EXERCISE DIRECTIONS:
Each line of the records needs to be written out exactly, with any image left out.

Short descriptive text snippets:
Start of Block

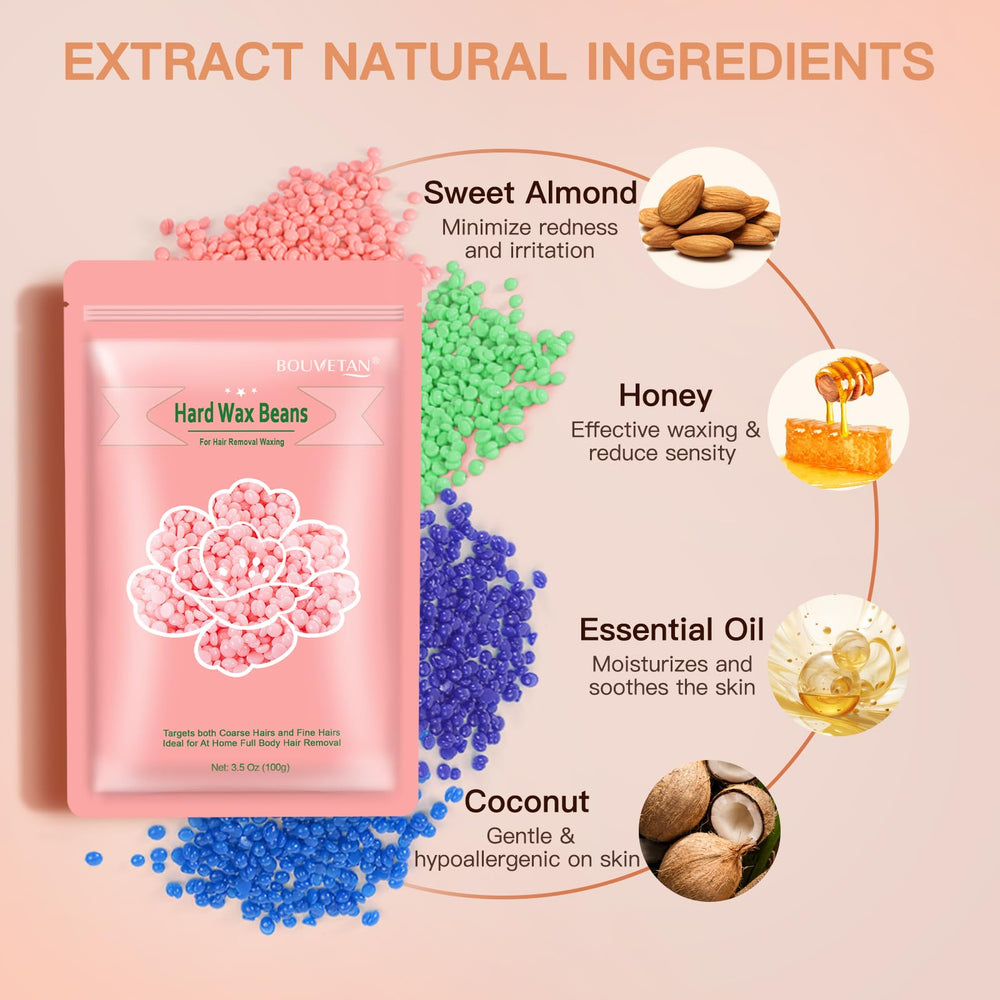 Bouvetan wax kit beads designed for bikini line and underarms for precise waxing.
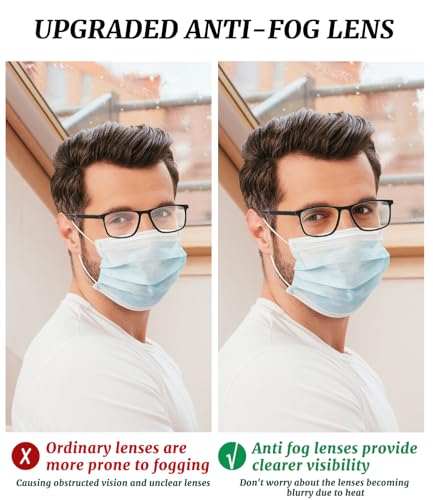 Image of Hubeye TR90 Anti-Fog Blue Light Blocking Reading Glasses,Cheaters Readers | Ultralight Sports Style, Patchwork Temples, Adjustable Hinges, Fog-Free Lenses, Wearing Masks, Computer Reading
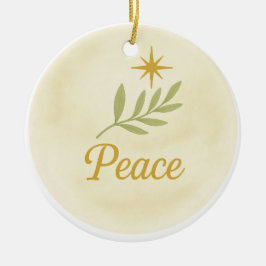 Adorno De Cerámica “Peace” Watercolor Christmas Ornament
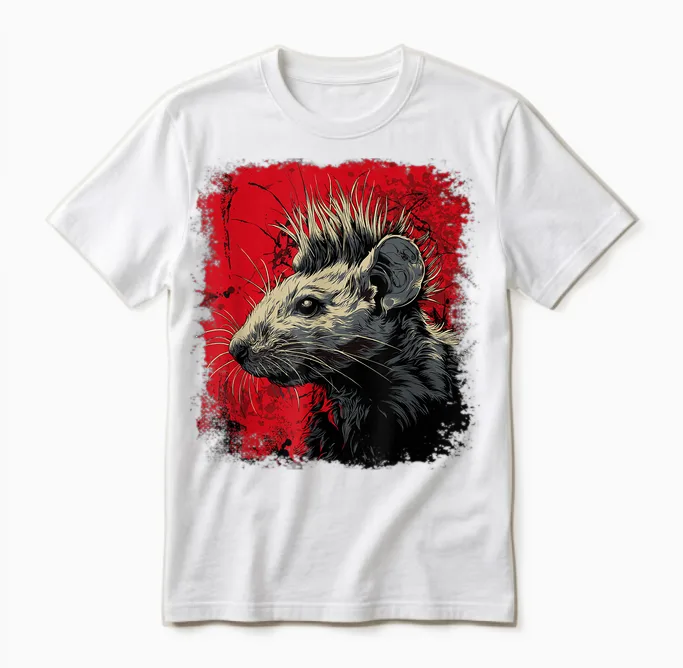 Punk Rock Rat Unisex T-Shirt in White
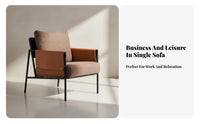 Saddle Armrest Armchair Modern Design Lounge Chair High-Resilience Seat Padding Breathable Textile for Hotel, Coffee Shop
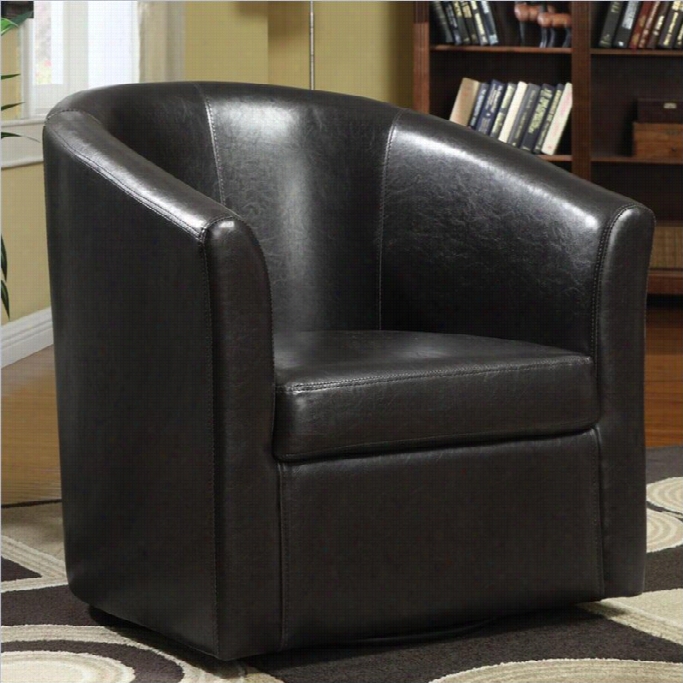 Coaster Leather Club Chair In Brown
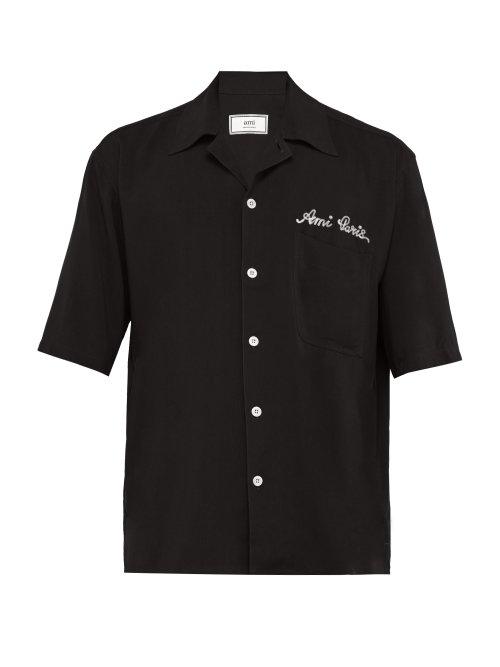 Matchesfashion.com Ami - Logo Embroidered Cuban Collar Poplin Shirt - Mens - Black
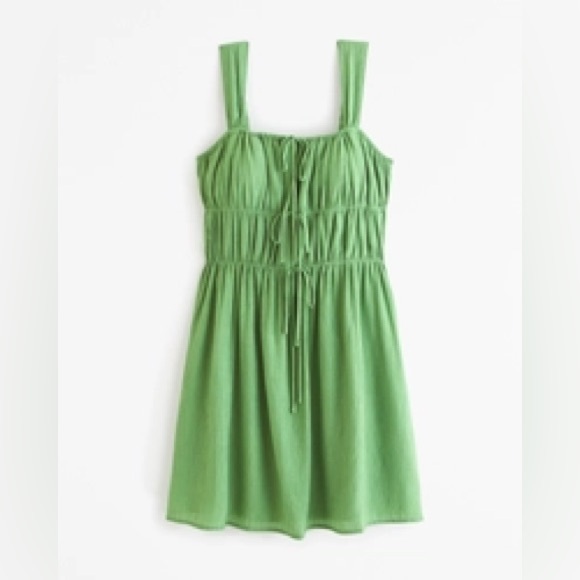 A&F Tie Front Mini Dress in Jade size SP - Picture 3 of 12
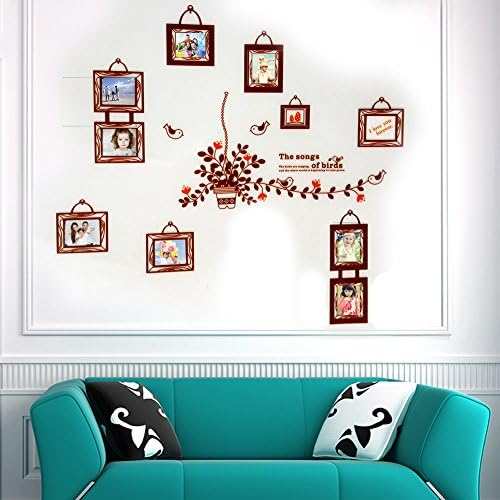 Removable DIY Photo Picture Frames Bookshelf Birds Flower Vine Living Room Gallery Office Study Room Wall Décor Decal Stickers (Flower)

End of Block

ANSWER TO THIS PROBLEM:
 Bouvetan wax kit beads designed for bikini line and underarms for precise waxing.
 Image of Hubeye TR90 Anti-Fog Blue Light Blocking Reading Glasses,Cheaters Readers | Ultralight Sports Style, Patchwork Temples, Adjustable Hinges, Fog-Free Lenses, Wearing Masks, Computer Reading
 Adorno De Cerámica “Peace” Watercolor Christmas Ornament
 Punk Rock Rat Unisex T-Shirt in White
 Saddle Armrest Armchair Modern Design Lounge Chair High-Resilience Seat Padding Breathable Textile for Hotel, Coffee Shop
 Coaster Leather Club Chair In Brown
 Matchesfashion.com Ami - Logo Embroidered Cuban Collar Poplin Shirt - Mens - Black
 A&F Tie Front Mini Dress in Jade size SP - Picture 3 of 12
 Removable DIY Photo Picture Frames Bookshelf Birds Flower Vine Living Room Gallery Office Study Room Wall Décor Decal Stickers (Flower)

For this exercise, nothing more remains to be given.